-
Notifications
You must be signed in to change notification settings - Fork 56
Higher order programming
The first way to create a higher-order term is to write a lambda expression. A predicate lambda expression has the form:
(pred(ARG1::MODE1, ..., ARG::MODE) is DETERMINISM :- BODY)
The :- BODY
part may be omitted.
Example:
Add3 = (pred(X::in, Y::out) is det :- Y = X + 3)
A predicate lambda expression is more cumbersome than anonymous functions in most languages since we have to specify the argument modes and determinism category. The argument types are inferred but not the modes or determinism.
A function lambda expression has the form:
(func(ARG1::MODE1, ..., ARG::MODE) = (RESULT::MODE) is DETERMINISM :- BODY)
The :- BODY
part can be omitted. Unlike in predicate higher-order terms,
the modes and determinism can also be omitted. The modes of the arguments
default to in
and the function result to out
. The determinism defaults
to det
. These two unifications are equivalent:
Add3 = (func(X) = X + 3)
Add3 = (func(X::in) = (Y::out) is det :- Y = X + 3)
The second way to create higher-order terms is by "currying": specifying the first few arguments of a predicate or function, but leaving the remaining arguments unspecified.
If we have a predicate and a function that adds two integers:
:- pred add_pred(int, int, int).
:- mode add_pred(in, in, out) is det.
add_pred(X, Y, X + Y).
:- func add_func(int, int) = int.
add_func(X, Y) = X + Y.
Then this unification binds P3
to a higher-order predicate term of type
pred(int, int)
.
P3 = add_pred(3)
And this unification binds F3
to a higher-order function term of type
func(int) = int
.
F3 = add_func(3)
To create a higher-order function term of zero arity, you must write an
explicit lambda expression, e.g. (func) = foo
instead of just foo
,
as the latter denotes the result of evaluating the function, rather than
the function itself.
Higher-order terms can only have one mode. If the predicate or function to be curried has multiple modes, you must select the mode you want by writing an explicit lambda term that calls the desired mode.
There is one exception: currying of a multi-moded predicate or function is allowed provided that the mode of the predicate or function can be determined from the insts of the higher-order curried arguments. (This may not make sense yet.)
Creating a higher-order term by currying another higher-order term is also not supported. Again, the solution is to write an explicit lambda term.
We generally order arguments of predicate and function to make them amenable to currying, usually from least varying to most varying, with state variable pairs at the end of the argument list.
State variables obey special scope rules. A state variable X must be
explicitly introduced in the head of a lambda (it may appear as either
or both of !.X
or !:X
). A state variable X in the enclosing scope
of a lambda may only be referred to as !.X
(unless the enclosing X is
masked by a more local state variable of the same name.)

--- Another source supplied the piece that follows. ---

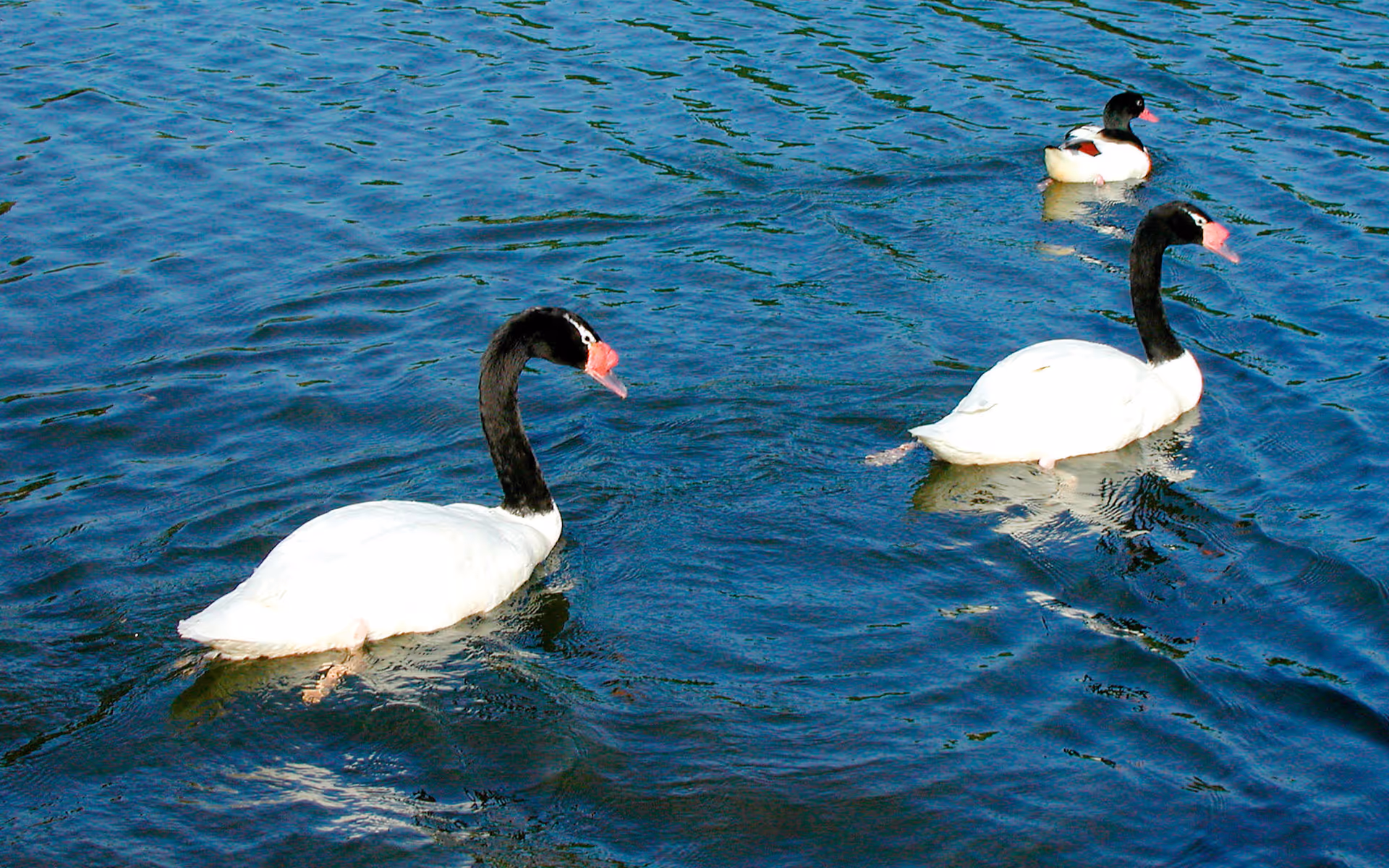 Two black-necked swans and one duck swimming on a body of water with ripples.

MyPred = (pred(!.X::in, !:X::out) is det :-
...
)
You can call a higher-order term by writing it where the predicate name
would appear in a call goal, or where the function name would appear in
a call expression. If the variables P
and F
are bound to higher-order
terms then we can call them:
P(X, Y, Z),
Result = F(X)
You may occasionally see the call/N
goal for higher-order predicates,
and apply/N
expressions for higher-order functions.
call(P, X, Y, Z),
Result = F(X)
There is mostly no need to use them, but apply
is necessary to
distinguish a call to a zero-arity higher-order function from a reference
to that function, e.g.
Thunk = ((func) = 1),
F = Thunk, % F has type '(func) = int'
V = apply(Thunk) % V has type 'int'
The type of a higher-order predicate term has the forms:
(pred)
pred(TYPE1, ..., TYPE)
The type of a higher-order function term has the forms:
(func) = TYPE
func(TYPE1, ..., TYPEn) = TYPE
Suppose you receive a higher-order term and you know it has type
pred(int, int)
. Can you call it? Not necessarily! Because Mercury
has the concept of modes and determinism, knowing only the type of the
higher-order term is not enough to call it. You will also need to know
the argument modes (which arguments are input and output) and its
determinism category (can it fail, or will it succeed multiple times).

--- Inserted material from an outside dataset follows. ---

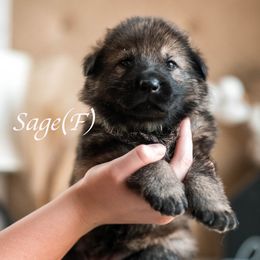 Sage - Sable female German Shepherd puppy in Berwick, Maine from Vom Rindahaus Shepherds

That information is to be found in a higher-order term's inst, not its type. We will see the reason for this design, and also an undesirable consequence of it.
Higher-order insts have the forms:
(pred) is DETERMINISM
pred(MODE1, ..., MODE) is DETERMINISM
(func) = MODE is DETERMINISM
func(MODE1, ..., MODEn) = MODE is DETERMINISM
When defining a predicate or function that takes a higher-order argument, that argument should have a higher-order inst or you will not be able to call it. Similarly, if a predicate or function returns a higher-order term, that result must have a higher-order inst, otherwise the receiver of the term will not be able to call it. (But see "Default insts for functions" for an exception.)

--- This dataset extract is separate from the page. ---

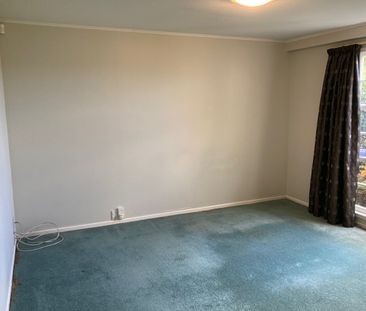 21 Mclintock Street, Johnsonville - Photo 6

We will show some examples of higher-order predicates and functions now.
The list
module defines a "map" predicate that applies a given predicate to
each element of a list, returning a new list.
It also defines a "map" function that applies applies a given function to each
element of a list, returning a new list.
Suppose we want to square every integer in list. A predicate to do that is:
:- pred square_list(list(int), list(int)).
:- mode square_list(in, out) is det.
square_list([], []).
square_list([X | Xs], [Y | Ys]) :-
Y = X * X,
square_list(Xs, Ys).
This is straightforward, but a lot of code falls into this pattern. We would like to avoid writing this predicate over and over again, only with a different operation at its core. We can abstract away the squaring operation, replacing it with a higher-order term passed into the predicate.
:- pred map(pred(X, Y), list(X), list(Y)).
:- mode map(???, in, out) is det.
map(_P, [], []).
map(P, [X | Xs], [Y | Ys]) :-
P(X, Y),
map(Xs, Ys).
The only question is what to put in for the argument mode ???
.
The higher-order term is called with the first argument as input and
the second argument as output, and it must be deterministic for map/3
to be deterministic. Therefore we expect the higher-order inst will be
pred(in, out) is det
.
Using the parametric modes introduced in the previous chapter:
:- mode in(Inst) == Inst >> Inst.
:- mode out(Inst) == free >> Inst.
we can declare the mode of map/3
as:
:- mode map(in(pred(in, out) is det), in, out) is det.
In fact, the language provides builtin 'mode' values which maps
higher-order inst values to itself, just like in(Inst)
, so you could
also write:
:- mode map(pred(in, out) is det, in, out) is det.
Other modes are possible for map/3
. If the transform predicate is
unable to transform some elements of the list and fails accordingly,
the whole map/3
call should fail as well. Hence the list
module
declares the mode:
:- mode map(pred(in, out) is semidet, in, out) is semidet.
There are other modes, too.
:- mode map(pred(in, out) is cc_multi, in, out) is cc_multi.
:- mode map(pred(in, out) is multi, in, out) is multi.
:- mode map(pred(in, out) is nondet, in, out) is nondet.
:- mode map(pred(in, in) is semidet, in, in) is semidet.
This demonstrates a benefit of keeping mode and determinism information about a higher-order term in the inst: a single higher-order predicate can work for arguments of different modes and determinism.
The list
module also provides a "map" function. Unlike the predicate
version, the function is declared with just a single mode.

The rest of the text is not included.